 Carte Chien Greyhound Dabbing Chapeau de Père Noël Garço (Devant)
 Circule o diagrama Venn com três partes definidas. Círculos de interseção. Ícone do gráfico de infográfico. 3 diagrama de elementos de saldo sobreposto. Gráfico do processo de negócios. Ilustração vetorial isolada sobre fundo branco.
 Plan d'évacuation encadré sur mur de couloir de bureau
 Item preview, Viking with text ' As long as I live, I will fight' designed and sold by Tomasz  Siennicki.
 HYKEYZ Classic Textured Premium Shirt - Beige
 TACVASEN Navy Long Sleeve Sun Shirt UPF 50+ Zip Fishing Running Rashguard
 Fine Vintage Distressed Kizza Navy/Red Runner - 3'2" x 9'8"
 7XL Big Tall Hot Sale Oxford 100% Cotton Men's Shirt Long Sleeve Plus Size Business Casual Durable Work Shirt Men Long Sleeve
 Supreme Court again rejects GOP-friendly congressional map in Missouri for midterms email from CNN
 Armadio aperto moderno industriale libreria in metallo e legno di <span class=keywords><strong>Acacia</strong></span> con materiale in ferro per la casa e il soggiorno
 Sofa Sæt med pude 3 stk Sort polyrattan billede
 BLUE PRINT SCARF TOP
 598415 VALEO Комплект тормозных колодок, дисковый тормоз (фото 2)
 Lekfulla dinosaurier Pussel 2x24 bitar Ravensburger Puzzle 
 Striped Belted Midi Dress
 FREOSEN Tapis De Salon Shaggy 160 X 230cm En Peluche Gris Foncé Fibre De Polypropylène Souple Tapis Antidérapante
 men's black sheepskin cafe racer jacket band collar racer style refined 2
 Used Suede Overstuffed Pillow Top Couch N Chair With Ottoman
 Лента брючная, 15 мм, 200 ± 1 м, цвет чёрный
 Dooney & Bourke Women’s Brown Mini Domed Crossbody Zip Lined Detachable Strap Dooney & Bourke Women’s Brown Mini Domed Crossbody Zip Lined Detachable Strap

........

## Problem to work on:
Copy out, exactly as written, the line that contains "Used Suede Overstuffed" along with every line that comes after it in the material above, and nothing else.

## Answer box:
 Used Suede Overstuffed Pillow Top Couch N Chair With Ottoman
 Лента брючная, 15 мм, 200 ± 1 м, цвет чёрный
 Dooney & Bourke Women’s Brown Mini Domed Crossbody Zip Lined Detachable Strap Dooney & Bourke Women’s Brown Mini Domed Crossbody Zip Lined Detachable Strap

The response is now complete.